Lee Haley was a lighter singer than Sears and brought an air of cool insouciance to the band, which by now had jettisoned most of the make-up, costumes, and theatrics in favour of letting the music work by itself. However, Haley's time with the band was brief, and he left in 1999 to form a more straightforward band called The Embassy.

===The "Blue Apple Boy" period, part 1 - Mark Dunphy (2000-2001)===

Although Phil Sears obliged Sleepy People by filling in as lead singer for several gigs, he was unable to make a long-term commitment. The band then recruited Mark Dunphy (the brother of Cud guitarist Mike Dunphy), whose more flamboyant singing style returned the band to their previous sound; while new bass player Tom Evans replaced Mark Greenwood.

In 2000, in search of a fresh start, Sleepy People changed their name to Blue Apple Boy (a name apparently based on Masonic imagery). Initially, the name change led to a new lease of life for the band. The band recorded a new double A-side single – "Who’s That Calling?/Sunshine Valley Paradise Club" – which was released as a one-off arrangement with cult Oxford indie label Shifty Disco. Both songs were inspired by bizarre true-life newspaper stories: a tale of a man falling off a bridge while conversing on his cellphone, and one of unpleasant goings on in a retirement home.

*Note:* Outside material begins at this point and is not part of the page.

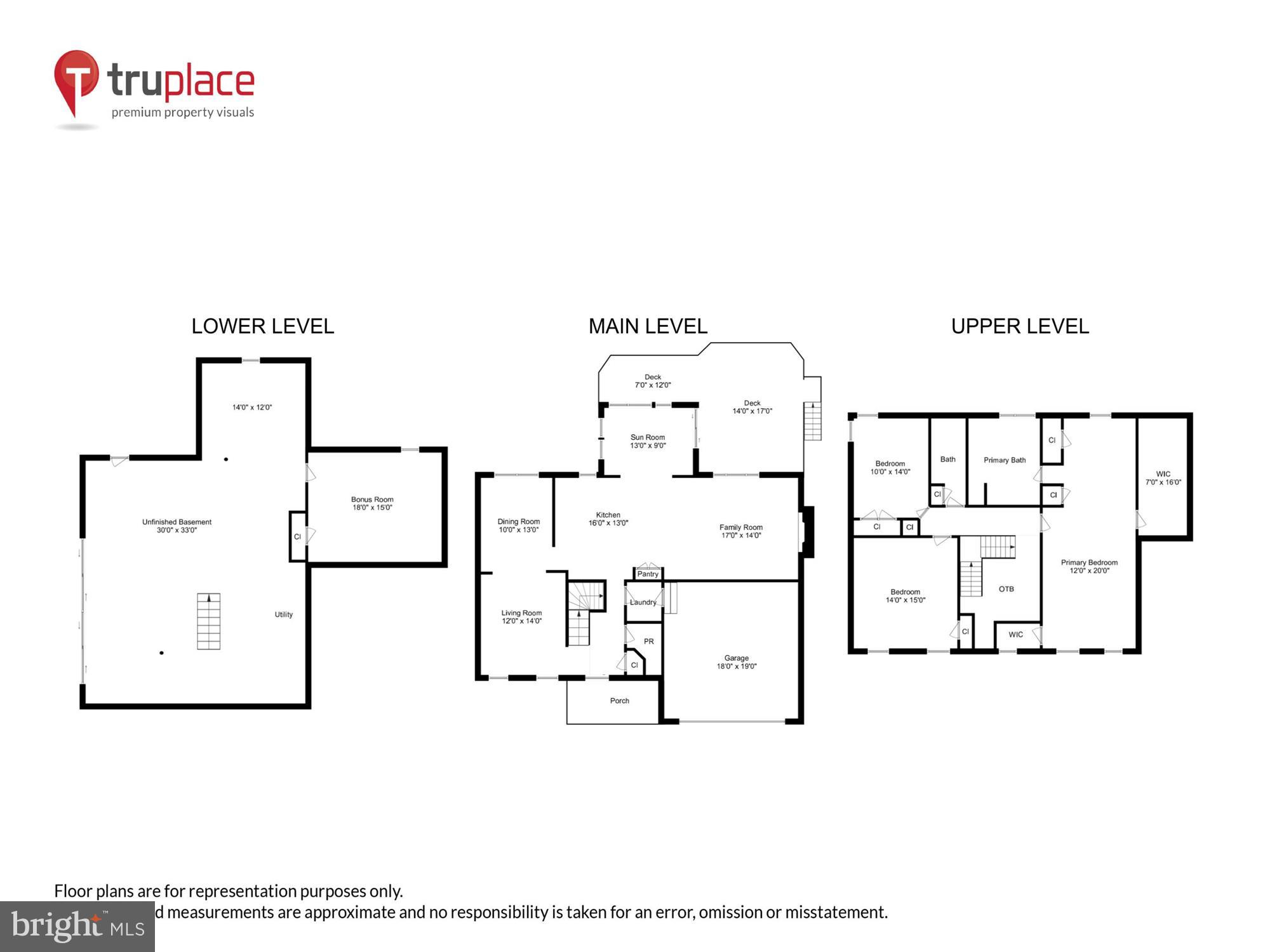 Baltimore, Maryland, 21221, United States, 3 Bedrooms Bedrooms, ,3 BathroomsBathrooms,Residential,For Sale,1881535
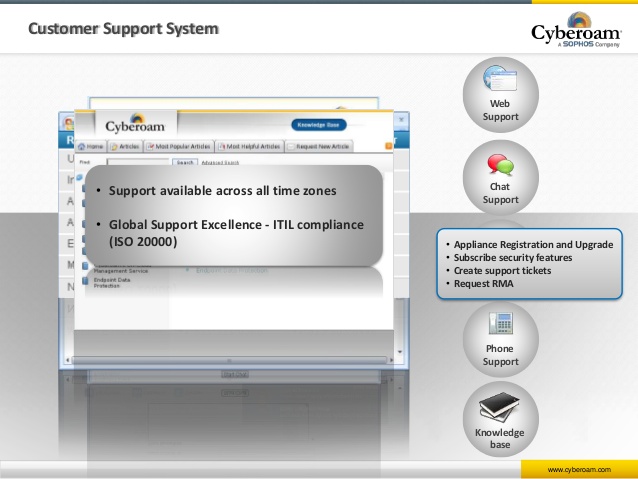 Cyberoam Support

Former Sleepy People/Ultrasound member Richard Green (by then leading his own Leeds-based band The Somatics) added noise-guitar to "Sunshine Valley Paradise Club". The single attracted attention from the national music press, leading to an appearance in Melody Maker.

Blue Apple Boy followed up with a more sinister single called "Freak" (released on the band's own Bad Apple Records) which dealt with vigilante/mob violence and was inspired by the then-current paedophile panic in the UK (during which several innocent people had been harmed by mobs on the suspicion of being paedophiles). Unfortunately, "Freak" did not gain the same level of attention as its predecessor, and this disappointment added to the band's continuing instability. In 2001, Dunphy was asked to leave the band after falling out with Paul Hope. Evans and Blaydon also chose to depart at this point, leaving the band once again reduced to a trio of the Hopes plus the loyal Graeme Swaddle.

===The "Blue Apple Boy" period, part 2 - return of Tiny Wood; Salient; band splits (2002-2003)===

Paul Hope restructured the band yet again, re-recruiting Bill Bailey as bass guitarist. The keyboard playing role was taken over by Rachel Theresa, adding Moog synthesizer work to her flute-playing and singing. At around the same time, following the collapse of Ultrasound, Tiny Wood had returned to Newcastle to form a new band called Siren. Having also renewed his musical relationship with Paul Hope, Wood agreed to join Blue Apple Boy as singer.

Revitalised, the band set about assembling the debut Blue Apple Boy album. Wood re-recorded vocals for earlier songs (including some late Sleepy People ones), rewrote others and worked on new material with Hope. Credited to "Blue Apple Boy featuring Tiny Wood", the Salient album was released on the Soma Sound label in 2002, and displayed a further strengthening of the band's songwriting skills. Tiny Wood co-wrote two of the album's songs - "Jump Start" (a rewrite of "Freak" with new Wood lyrics) and "Cold War" (a conceptual sequel to the Ultrasound anthem "Stay Young"). Although Wood sang on most tracks, the band was now pursuing a more flexible approach to vocals. Rachel Theresa sang lead vocals on "Leave The Mud for the Worms" and the Gurdjieff-influenced bossa-nova "The Moon Is Hungry", while "Apples And Pears" featured the Hopes' eldest child, Dorothy Pippin.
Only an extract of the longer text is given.